Während also die Frage nach der tieferen Sekundarschulquote noch der Beantwortung harrt, ist die Diskussion um die Sekundarschulprüfung in vollem Gange. Überrascht vom Vorschlag des Stadtschulrates war man nicht nur im Erziehungsdepartement, auch die Lehrerschaft hat sich inzwischen zu Wort gemeldet. Hauptvorwurf: Die Lehrer, welche das 2002 eingeführte Übertrittsverfahren durchführen müssen, wurden vorgängig gar nicht von der Schulbehörde zu ihren Erfahrungen befragt. Das Vorgehen sei «ohne seriöse Vernehmlassung» erfolgt und «ohne sorgfältige Auswertung in Zusammenarbeit mit den Lehrpersonen», war Leserbriefen zu entnehmen.
Auf Nachfrage beim Schulpräsidenten zeigt sich, dass der Antrag gegen seinen Willen entstanden ist: «Ich habe im Januar 2008 eine Umfrage bei der Lehrerschaft gestartet, bis Ende Mai hätten die Teams ihre Meinung äussern können», sagt Urs Hunziker, Stadtschulratspräsident und Schulreferent.

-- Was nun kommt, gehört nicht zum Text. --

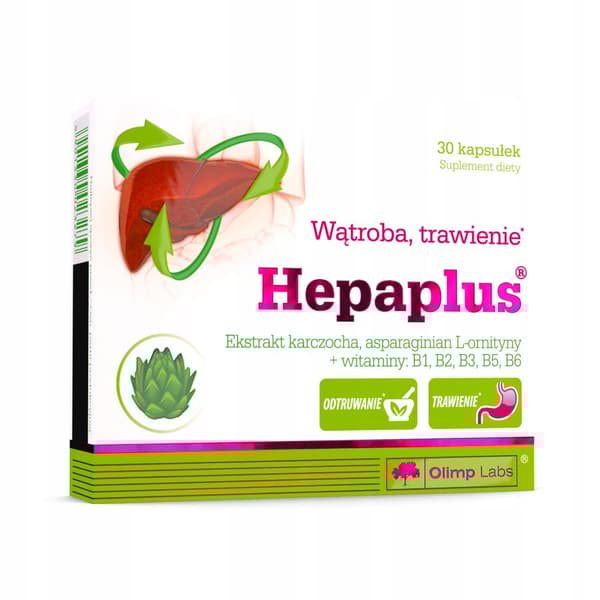 OLIMP HepaPlus levermatsmältning 30 kapslar.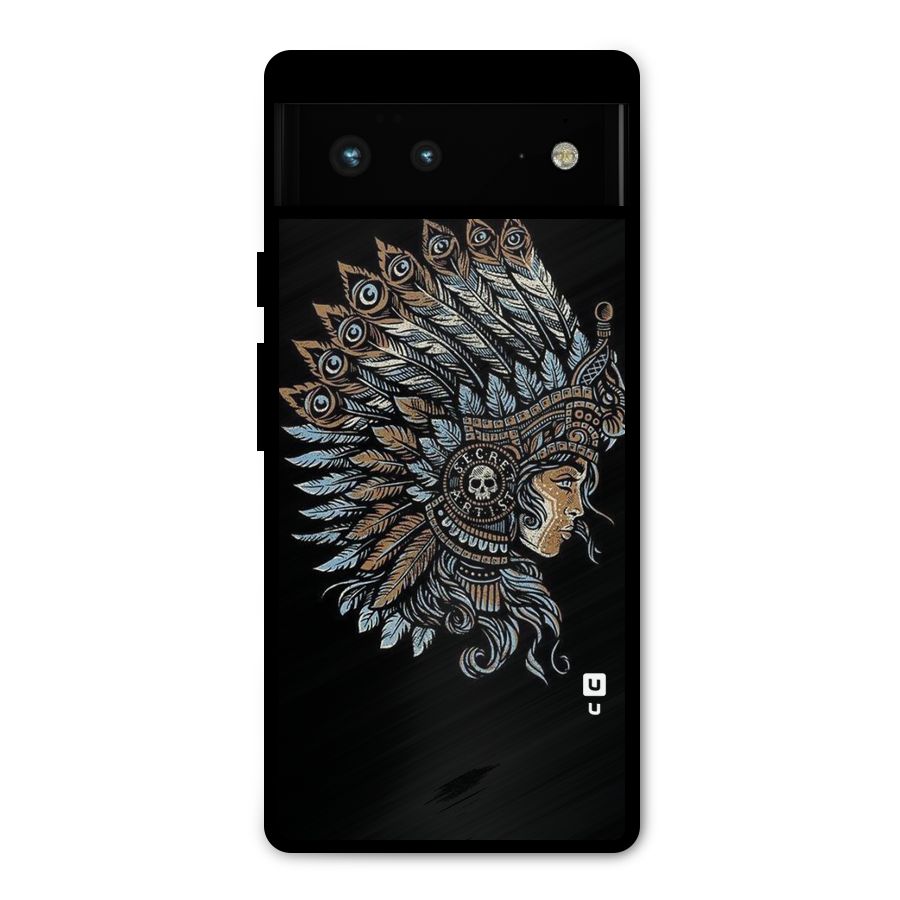 Tribal Design Metal Back Case for Google Pixel 6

Mit dem nun erfolgten Antrag habe der Stadtschulrat die Idee noch vor Beendigung der Vernehmlassung lanciert. Hunziker: «Das geschah gegen meine Stimme im Stadtschulrat.» Hunziker wollte abwarten: «Ich hätte das alles im Vorfeld gern sorgfältiger abgestützt.» Zudem wollte Hunziker mit den Neuhausern zusammenspannen, bei denen ebenfalls Bestrebungen in diese Richtung unternommen würden. Doch eine Mehrheit im Stadtschulrat sprach sich für den Antrag aus. Ein Argument der Befürworter einer Wiedereinführung: Wenn der Erziehungsrat auf den Antrag eintritt - obwohl der Stadtschulrat faktisch nicht über ein solches Antragsrecht verfügt -, dann würde sowieso von diesem Gremium eine breite Vernehmlassung zum Thema durchgeführt.
Für den Antrag des Stadtschulrates zur Wiedereinführung eines prüfungsbasierten Übertritts hat Rosmarie Widmer Gysel, die auch dem Erziehungsrat vorsteht, «kein grosses Verständnis». «Meiner Meinung nach wäre die Wiedereinführung der Sekundarschulprüfung ein grosses Projekt, dass man neu anpacken müsste - und das läuft dem oft geäusserten Wunsch, dass nicht noch mehr im Bildungswesen geschaffen werden, entgegen.» Dennoch soll auch dieser Antrag im Rahmen der Klausurtagung behandelt werden.